L'esame di coscienza di un Paese che ha perso il decoro.

 

Oltre le luci: cosa resta del Natale 2025?

Le luci del Natale 2025 iniziano a spegnersi, lasciando spazio a quel silenzio sospeso che precede la fine dell’anno. Per chi, come il sottoscritto, è cresciuto frequentando i salesiani, questo è il tempo dell’"esame di coscienza". Non una pratica punitiva, ma un esercizio di verità: fermarsi a fine giornata — o a fine ciclo — e chiedersi, con onestà brutale, se di fronte ai problemi del mondo abbiamo fatto la "cosa giusta".

Oggi, però, questo esame di coscienza non può restare confinato nel privato. È impossibile non proiettarlo su chi, per mandato elettorale, siede nelle istituzioni e dovrebbe rappresentare il Popolo con quella "disciplina e onore" solennemente sanciti dall'Articolo 54 della nostra Costituzione.

Guardando ai palchi della politica attuale, l’esito di questo esame è amaro. C’è un senso di smarrimento nell’osservare Ministri della Repubblica che, spogliandosi della solennità del loro ruolo, preferiscono saltellare su un palco al grido di "chi non salta comunista è", riducendo il dibattito democratico a un coro da stadio. C’è profonda inquietudine nel sentire una Ministra che inveisce contro una platea di studenti, definendoli "poveri comunisti", dimenticando che un rappresentante delle istituzioni dovrebbe essere il garante anche di chi dissente, specialmente se giovane.

Il decoro delle istituzioni, tuttavia, non è solo una questione di bon ton o di parole. È, prima di tutto, una questione di gestione della cosa pubblica. Come conciliare l'onore del ruolo con le ombre sulla gestione della Cassa Integrazione e delle aziende in crisi?

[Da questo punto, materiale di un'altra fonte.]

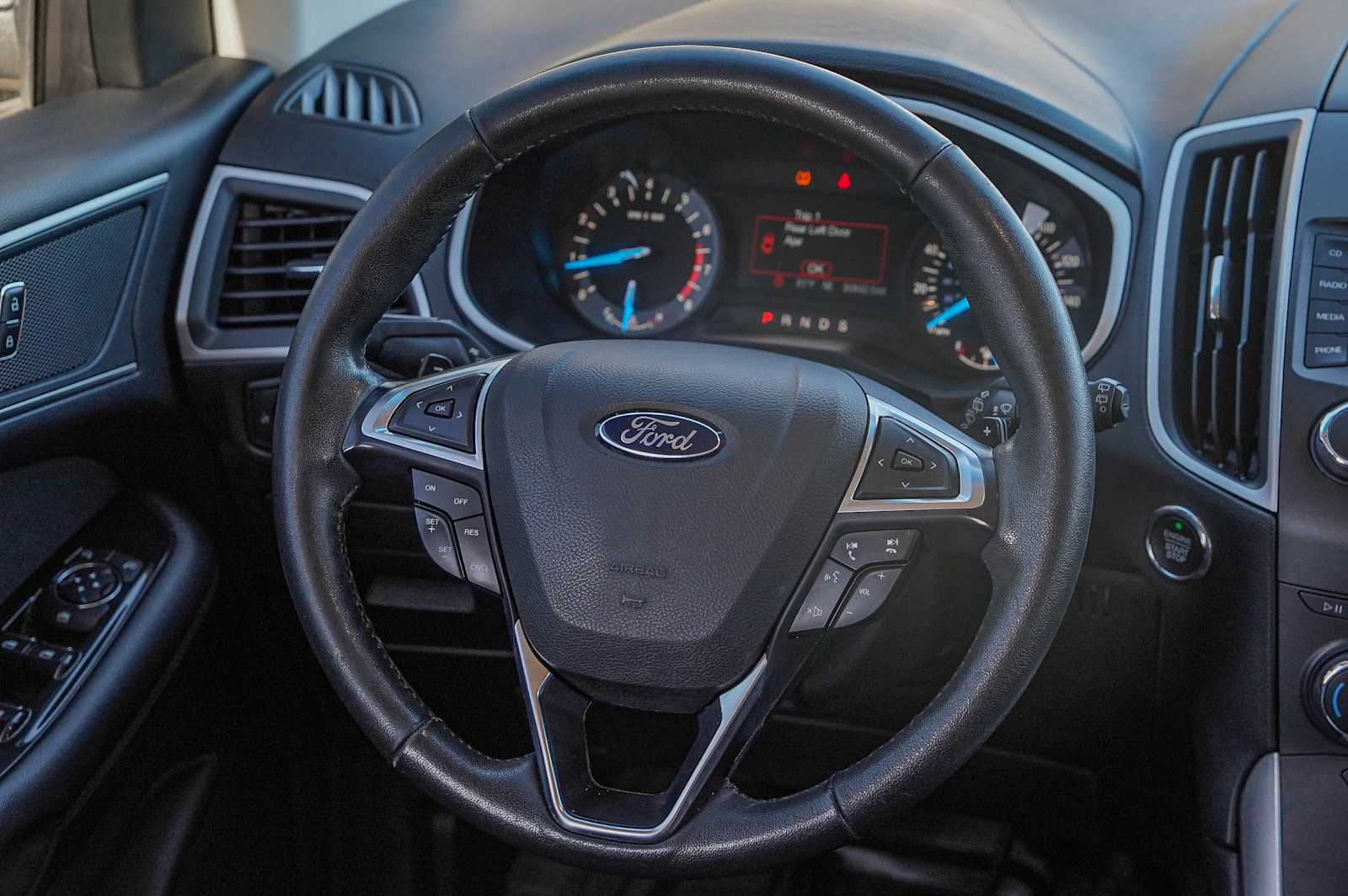 Thumbnail: 2017 Ford Edge - 26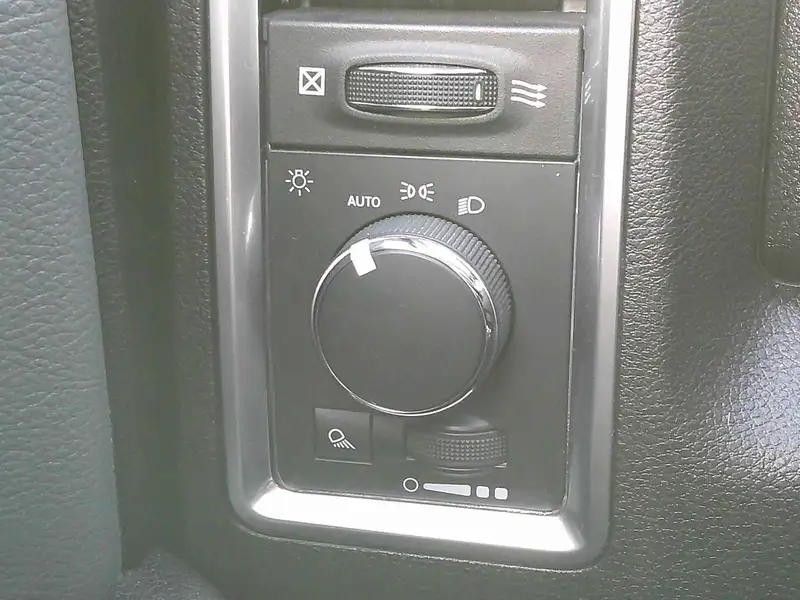2023 RAM 1500 Classic, biela, 60 486 km, dovoz Kanada — foto 9 z 12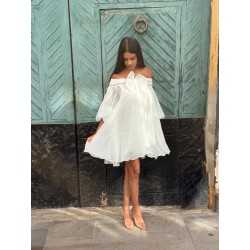 vestido corto blanco con maxilazo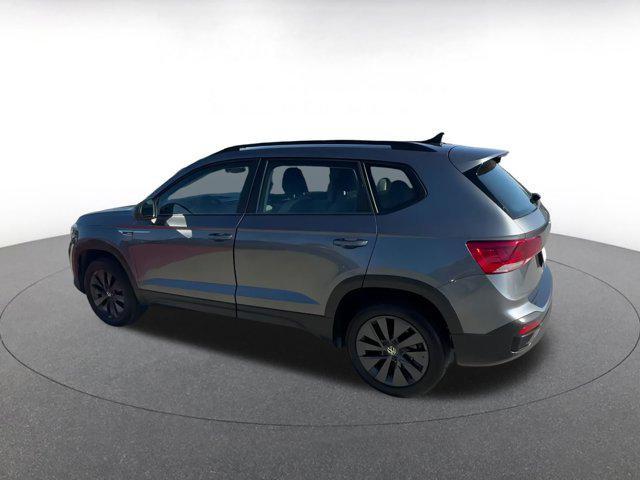 Photo of 2024 Platinum Gray Metallic Volkswagen Taos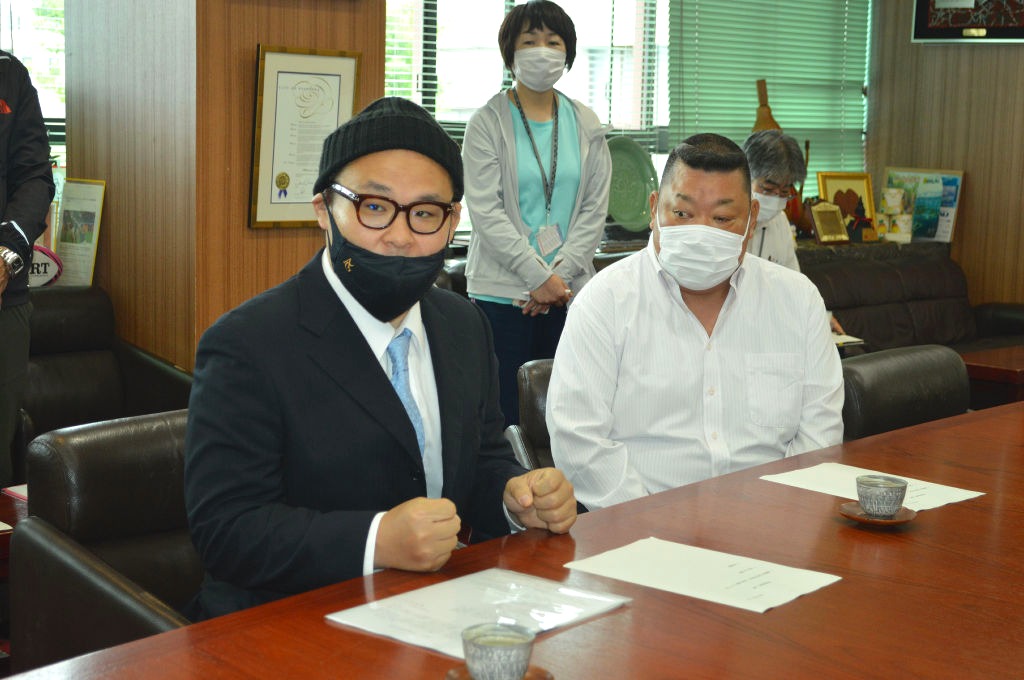 現役引退を報告し、今後の目標を語る磋牙司さん(左)=三島市役所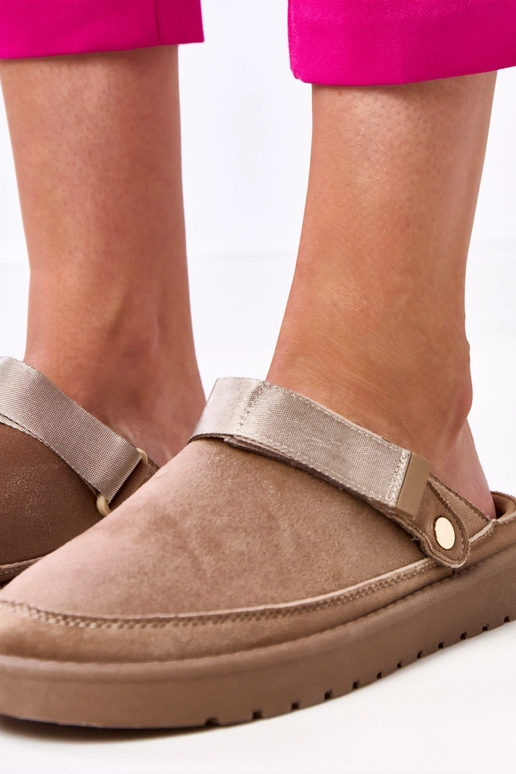 Bruine muiltjes met Miluska klittenband Bruine muiltjes met Miluska klittenband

Come ignorare il peso etico di chi, segretario di partito e ministro, porta sulle spalle il macigno di decine di milioni di euro di fondi pubblici dirottati, investiti in pietre preziose anziché restituiti alla Patria?

La democrazia non è solo l’esercizio del voto; è la qualità del comportamento di chi viene eletto. Quando il Governo nega a un Comune come Riace il gemellaggio con Gaza — un gesto di solidarietà umanitaria in un momento di sofferenza globale — sembra quasi voler sbarrare la strada a ogni forma di fratellanza che non rientri nei propri angusti schemi ideologici.

Forse il vero senso di questo Natale 2025, una volta tolte le decorazioni, è proprio questo: riscoprire il valore dell'esame di coscienza collettivo. Chiederci se questo spettacolo di "salti" e insulti sia davvero il riflesso della dignità che meritiamo. Se la risposta è no, allora il compito per l’anno che verrà è chiaro: pretendere che chi ci rappresenta torni a farlo con l'onore che la nostra Storia e la nostra Carta esigono.

Perché se la politica perde la dignità, a restare al buio non sono solo i palazzi del potere, ma l'intera comunità nazionale.